Videos, photos and information on how Oman and Singapore are reconstructing a 9th-century Arab ship
A thousand years ago navigation at sea was more an art than a science. Today, few sailors would contemplate a voyage without a compass and charts. Yet well before Europeans were exploring the world, Arab sailors had successfully crossed oceans without conventional navigational tools.
Arab navigators were famous for their great powers of observation and sharp memories. They used all their senses to observe the colours and patterns of the sea and the sky. They also used the sun, the moon and the stars to find their way.
When the Jewel of Muscat leaves Oman on the voyage to Singapore the crew will have modern navigational equipment to monitor the ship's performance. However they will also experiment with some of the ancient techniques used by Arab navigators.
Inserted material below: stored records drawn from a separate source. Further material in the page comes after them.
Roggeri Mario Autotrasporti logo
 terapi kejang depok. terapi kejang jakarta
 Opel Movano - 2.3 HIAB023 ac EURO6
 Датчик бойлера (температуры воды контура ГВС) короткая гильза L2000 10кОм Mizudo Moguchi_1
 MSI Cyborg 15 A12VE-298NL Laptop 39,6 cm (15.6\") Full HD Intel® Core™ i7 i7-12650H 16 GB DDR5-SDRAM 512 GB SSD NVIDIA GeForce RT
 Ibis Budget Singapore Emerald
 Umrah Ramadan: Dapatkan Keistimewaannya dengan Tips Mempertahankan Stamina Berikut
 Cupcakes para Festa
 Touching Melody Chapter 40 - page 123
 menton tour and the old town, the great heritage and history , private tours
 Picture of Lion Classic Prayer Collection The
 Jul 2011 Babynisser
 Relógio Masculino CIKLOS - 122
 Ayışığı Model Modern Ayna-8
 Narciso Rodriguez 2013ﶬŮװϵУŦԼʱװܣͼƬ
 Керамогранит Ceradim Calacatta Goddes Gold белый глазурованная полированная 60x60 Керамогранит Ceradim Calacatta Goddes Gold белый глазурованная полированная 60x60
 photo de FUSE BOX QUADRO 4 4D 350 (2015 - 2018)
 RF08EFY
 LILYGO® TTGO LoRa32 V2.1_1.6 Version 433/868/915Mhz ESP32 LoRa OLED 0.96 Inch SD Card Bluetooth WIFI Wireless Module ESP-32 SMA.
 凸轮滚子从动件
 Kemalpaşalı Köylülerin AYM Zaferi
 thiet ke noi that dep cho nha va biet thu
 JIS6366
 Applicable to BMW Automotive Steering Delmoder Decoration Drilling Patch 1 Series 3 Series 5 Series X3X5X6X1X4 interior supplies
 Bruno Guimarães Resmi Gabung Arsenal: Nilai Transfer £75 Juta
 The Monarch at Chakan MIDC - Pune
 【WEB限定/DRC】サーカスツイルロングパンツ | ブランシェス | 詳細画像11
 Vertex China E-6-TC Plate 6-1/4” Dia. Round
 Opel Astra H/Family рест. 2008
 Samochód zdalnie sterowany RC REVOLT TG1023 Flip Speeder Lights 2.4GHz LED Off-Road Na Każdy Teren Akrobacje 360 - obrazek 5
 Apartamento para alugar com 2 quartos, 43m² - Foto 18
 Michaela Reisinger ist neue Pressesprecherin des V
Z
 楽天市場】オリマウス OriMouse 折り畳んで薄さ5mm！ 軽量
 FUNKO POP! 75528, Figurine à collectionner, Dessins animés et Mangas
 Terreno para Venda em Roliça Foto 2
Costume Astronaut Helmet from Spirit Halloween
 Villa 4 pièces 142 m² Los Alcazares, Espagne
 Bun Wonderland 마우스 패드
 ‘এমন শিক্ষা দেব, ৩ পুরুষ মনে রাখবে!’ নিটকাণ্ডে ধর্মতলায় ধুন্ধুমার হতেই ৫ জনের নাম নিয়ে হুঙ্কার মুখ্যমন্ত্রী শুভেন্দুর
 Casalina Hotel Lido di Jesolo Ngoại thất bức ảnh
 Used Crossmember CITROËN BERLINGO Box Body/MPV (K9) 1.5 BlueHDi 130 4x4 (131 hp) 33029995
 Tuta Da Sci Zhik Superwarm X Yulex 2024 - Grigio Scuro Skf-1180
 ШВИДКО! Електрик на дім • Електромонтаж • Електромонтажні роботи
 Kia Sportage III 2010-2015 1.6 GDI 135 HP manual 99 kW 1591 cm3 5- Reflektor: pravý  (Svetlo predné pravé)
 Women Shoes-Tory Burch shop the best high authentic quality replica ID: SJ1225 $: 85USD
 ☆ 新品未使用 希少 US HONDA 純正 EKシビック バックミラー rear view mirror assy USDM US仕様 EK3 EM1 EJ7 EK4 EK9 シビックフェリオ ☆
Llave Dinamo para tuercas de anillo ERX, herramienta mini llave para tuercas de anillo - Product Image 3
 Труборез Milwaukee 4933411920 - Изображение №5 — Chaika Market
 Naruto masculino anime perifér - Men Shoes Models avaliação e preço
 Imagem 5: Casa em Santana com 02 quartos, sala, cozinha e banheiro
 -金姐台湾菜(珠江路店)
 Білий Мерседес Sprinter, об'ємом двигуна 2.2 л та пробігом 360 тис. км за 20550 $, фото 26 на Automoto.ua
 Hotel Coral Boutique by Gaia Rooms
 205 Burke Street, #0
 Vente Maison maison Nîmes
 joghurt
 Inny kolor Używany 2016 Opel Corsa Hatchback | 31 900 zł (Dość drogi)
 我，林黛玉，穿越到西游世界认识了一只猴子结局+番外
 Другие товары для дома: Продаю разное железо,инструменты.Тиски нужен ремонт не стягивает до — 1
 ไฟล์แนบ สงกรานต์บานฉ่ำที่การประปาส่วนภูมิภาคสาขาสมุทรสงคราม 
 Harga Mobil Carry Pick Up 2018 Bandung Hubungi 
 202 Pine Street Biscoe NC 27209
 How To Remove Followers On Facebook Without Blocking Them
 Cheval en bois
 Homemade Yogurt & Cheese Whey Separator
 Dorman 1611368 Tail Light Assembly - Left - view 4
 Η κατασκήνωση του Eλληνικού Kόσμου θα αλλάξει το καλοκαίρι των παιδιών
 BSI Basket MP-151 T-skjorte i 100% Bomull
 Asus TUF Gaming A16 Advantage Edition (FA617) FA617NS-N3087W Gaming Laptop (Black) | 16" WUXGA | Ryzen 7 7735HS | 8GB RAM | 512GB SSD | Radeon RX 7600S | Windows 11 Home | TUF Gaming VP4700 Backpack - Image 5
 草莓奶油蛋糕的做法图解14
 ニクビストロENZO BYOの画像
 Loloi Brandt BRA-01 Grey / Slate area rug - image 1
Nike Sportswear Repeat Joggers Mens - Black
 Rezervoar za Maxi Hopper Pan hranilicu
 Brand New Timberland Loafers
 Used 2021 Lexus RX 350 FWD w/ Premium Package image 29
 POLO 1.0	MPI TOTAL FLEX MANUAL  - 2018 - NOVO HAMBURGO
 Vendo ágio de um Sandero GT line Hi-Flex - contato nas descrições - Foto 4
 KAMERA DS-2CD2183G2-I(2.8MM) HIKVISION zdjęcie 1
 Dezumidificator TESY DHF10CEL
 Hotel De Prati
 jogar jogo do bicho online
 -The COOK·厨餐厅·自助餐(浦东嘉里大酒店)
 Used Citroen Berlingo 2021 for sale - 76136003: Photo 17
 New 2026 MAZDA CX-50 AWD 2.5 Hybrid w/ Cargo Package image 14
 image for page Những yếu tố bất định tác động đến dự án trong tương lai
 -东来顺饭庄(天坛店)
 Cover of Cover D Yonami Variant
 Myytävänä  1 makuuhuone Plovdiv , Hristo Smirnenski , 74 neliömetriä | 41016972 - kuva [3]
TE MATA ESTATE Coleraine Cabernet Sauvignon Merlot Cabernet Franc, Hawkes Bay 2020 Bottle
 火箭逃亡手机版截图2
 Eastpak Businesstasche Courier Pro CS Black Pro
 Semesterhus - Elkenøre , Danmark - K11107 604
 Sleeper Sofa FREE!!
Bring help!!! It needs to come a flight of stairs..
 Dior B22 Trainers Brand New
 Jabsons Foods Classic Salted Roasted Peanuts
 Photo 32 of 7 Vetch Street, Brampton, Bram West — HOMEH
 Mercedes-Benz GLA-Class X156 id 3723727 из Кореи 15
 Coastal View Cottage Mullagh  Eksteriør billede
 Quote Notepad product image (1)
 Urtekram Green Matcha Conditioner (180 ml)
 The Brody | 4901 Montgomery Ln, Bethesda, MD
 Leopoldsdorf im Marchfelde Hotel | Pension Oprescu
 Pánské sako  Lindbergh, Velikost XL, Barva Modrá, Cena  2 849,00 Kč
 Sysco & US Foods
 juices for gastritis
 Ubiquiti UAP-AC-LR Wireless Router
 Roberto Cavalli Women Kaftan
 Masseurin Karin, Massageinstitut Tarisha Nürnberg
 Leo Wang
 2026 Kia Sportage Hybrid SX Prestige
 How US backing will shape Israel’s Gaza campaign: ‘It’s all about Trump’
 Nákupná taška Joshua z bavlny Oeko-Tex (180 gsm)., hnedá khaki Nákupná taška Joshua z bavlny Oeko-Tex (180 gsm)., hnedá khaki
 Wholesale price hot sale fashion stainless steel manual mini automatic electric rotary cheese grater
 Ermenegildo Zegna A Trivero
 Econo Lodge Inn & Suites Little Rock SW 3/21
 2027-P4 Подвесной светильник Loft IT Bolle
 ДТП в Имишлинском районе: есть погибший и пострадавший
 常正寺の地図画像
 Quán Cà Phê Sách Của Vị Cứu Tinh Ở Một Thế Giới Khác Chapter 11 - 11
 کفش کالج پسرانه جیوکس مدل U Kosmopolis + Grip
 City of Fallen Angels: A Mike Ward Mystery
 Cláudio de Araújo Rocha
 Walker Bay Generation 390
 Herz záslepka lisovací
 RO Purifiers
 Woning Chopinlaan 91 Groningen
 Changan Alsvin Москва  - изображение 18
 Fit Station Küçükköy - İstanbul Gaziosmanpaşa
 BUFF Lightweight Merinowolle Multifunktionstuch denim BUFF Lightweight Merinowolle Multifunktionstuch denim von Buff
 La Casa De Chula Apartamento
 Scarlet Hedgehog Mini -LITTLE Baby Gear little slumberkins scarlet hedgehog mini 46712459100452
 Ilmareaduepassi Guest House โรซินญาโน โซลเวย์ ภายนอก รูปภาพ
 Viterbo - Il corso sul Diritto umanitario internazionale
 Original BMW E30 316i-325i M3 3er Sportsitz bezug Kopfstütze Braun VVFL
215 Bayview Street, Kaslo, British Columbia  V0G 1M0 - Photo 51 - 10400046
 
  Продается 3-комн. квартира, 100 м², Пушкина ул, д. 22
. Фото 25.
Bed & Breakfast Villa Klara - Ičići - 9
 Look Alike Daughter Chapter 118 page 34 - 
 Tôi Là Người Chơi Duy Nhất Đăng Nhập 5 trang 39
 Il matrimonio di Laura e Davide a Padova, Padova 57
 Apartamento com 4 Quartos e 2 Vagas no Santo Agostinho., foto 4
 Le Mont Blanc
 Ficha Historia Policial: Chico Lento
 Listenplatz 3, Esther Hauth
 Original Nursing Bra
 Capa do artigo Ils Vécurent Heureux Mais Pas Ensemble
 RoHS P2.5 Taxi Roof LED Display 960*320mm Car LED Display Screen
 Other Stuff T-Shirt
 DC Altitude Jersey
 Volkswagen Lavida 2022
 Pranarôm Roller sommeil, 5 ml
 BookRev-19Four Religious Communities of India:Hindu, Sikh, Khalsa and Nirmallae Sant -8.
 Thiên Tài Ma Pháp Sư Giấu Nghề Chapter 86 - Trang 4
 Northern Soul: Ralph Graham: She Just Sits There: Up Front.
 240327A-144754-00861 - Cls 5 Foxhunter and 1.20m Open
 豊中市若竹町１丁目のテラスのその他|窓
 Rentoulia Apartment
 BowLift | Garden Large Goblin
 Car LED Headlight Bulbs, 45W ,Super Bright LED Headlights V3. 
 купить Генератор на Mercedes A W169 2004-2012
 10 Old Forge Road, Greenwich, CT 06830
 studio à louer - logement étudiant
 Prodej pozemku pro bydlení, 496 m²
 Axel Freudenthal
Celestial navigation is the science of finding your way by the sun, the moon, the stars and the planets. Humans have been finding their way using the sky for thousands of years.

For at least two thousand years, navigators have known how to determine their latitude — their position north or south of the equator.
At the North Pole, which is 90 degrees latitude, Polaris (the North Star) is directly overhead at an altitude (a height) of 90 degrees. At the equator, which is zero degrees latitude, Polaris is on the horizon with zero degrees altitude. Between the equator and the North Pole, the angle of Polaris above the horizon is a direct measurement of latitude.
To measure their latitude Arab navigators made a simple instrument called a kamal. This is a small rectangular wooden card with a string attached through a hole in the middle. Before leaving his homeport, the navigator would take his kamal and putting the string in his teeth, look towards Polaris. He would then stretch out his arm, keeping the string tight, to the position where he could see Polaris at the top of the kamal and the horizon along the bottom. He would then tie a knot at the point where his teeth touched the string.
To return to his homeport, he would sail north or south as needed, observing Polaris with the kamal and with the knot between his teeth. At the point where the star was on top of the kamal and the horizon was on the bottom he would turn towards home knowing he could sail down that latitude to his homeport.
Over time, Arab navigators started tying knots in the string of the kamal at intervals of one isba (or issabah). The word isba is Arabic for finger and it measures an angle of about 1.5 degrees, or approximately the same as a finger width on an outstretched hand. For the ports they visited frequently, they would tie a knot on the string of the kamal to correspond with the altitude of Polaris for that location.
Did You Know?
Polaris stays almost motionless in the sky, and all the stars of the northern sky appear to rotate around it. Therefore, it makes an excellent fixed point from which to draw measurements for celestial navigation in the northern hemisphere.